Work request
Wherever the word "Used" appears in the entries, copy the whole line.

-- Input material follows --

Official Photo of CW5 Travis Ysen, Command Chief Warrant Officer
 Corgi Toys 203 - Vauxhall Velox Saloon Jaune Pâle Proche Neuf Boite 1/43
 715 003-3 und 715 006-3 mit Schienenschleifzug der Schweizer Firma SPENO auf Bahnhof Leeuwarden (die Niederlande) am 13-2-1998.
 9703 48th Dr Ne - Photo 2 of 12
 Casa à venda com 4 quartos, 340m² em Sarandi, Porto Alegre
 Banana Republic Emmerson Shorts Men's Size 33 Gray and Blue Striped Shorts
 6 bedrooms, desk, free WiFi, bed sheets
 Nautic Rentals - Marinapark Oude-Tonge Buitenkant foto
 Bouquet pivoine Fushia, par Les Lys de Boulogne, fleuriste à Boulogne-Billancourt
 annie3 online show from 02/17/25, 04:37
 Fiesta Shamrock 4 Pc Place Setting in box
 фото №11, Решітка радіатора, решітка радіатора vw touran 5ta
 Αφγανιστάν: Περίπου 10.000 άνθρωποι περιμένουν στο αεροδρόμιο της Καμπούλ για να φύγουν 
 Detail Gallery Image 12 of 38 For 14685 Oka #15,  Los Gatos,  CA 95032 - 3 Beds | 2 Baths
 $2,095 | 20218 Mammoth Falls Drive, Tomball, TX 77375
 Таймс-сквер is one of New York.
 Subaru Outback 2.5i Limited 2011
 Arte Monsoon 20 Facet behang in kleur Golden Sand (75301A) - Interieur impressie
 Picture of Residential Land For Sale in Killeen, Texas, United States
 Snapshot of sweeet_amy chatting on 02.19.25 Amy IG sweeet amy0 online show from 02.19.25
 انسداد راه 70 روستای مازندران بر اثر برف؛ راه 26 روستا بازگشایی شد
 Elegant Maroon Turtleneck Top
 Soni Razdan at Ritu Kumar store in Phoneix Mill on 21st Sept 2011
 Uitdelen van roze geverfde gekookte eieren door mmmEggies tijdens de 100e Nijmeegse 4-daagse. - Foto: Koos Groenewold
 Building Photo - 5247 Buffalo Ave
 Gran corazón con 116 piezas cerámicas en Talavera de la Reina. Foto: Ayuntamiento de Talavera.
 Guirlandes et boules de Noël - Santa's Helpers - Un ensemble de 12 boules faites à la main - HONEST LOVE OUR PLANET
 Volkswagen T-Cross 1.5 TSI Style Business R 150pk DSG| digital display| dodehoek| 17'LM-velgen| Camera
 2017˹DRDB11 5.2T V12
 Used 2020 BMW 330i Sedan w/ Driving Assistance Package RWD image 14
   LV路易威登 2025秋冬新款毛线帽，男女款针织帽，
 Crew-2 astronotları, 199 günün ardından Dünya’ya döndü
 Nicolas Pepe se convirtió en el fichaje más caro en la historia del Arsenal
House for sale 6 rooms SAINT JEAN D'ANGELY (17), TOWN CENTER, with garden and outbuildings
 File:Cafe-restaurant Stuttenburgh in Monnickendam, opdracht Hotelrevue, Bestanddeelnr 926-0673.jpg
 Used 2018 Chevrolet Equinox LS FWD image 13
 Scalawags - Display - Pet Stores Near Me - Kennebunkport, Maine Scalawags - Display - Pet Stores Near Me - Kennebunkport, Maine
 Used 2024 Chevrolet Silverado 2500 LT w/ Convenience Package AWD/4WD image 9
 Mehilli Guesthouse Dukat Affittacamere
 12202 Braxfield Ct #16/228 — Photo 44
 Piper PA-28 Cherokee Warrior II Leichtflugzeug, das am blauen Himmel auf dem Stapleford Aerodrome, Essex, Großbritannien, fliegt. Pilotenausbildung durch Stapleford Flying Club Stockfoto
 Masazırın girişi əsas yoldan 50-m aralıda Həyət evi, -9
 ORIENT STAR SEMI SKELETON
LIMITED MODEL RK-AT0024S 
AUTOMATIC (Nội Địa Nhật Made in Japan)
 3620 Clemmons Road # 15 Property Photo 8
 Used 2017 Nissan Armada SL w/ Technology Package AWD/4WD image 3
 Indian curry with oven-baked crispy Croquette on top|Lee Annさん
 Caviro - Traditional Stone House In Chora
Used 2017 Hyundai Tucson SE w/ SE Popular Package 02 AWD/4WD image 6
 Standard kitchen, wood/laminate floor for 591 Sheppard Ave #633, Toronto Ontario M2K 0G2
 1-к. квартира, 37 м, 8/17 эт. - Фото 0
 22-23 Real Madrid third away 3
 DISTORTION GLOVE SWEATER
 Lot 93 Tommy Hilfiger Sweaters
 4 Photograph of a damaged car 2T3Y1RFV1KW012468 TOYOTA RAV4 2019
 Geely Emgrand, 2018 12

-- Input material concluded --

Solution
 Used 2020 BMW 330i Sedan w/ Driving Assistance Package RWD image 14
 Used 2018 Chevrolet Equinox LS FWD image 13
 Used 2024 Chevrolet Silverado 2500 LT w/ Convenience Package AWD/4WD image 9
 Used 2017 Nissan Armada SL w/ Technology Package AWD/4WD image 3
Used 2017 Hyundai Tucson SE w/ SE Popular Package 02 AWD/4WD image 6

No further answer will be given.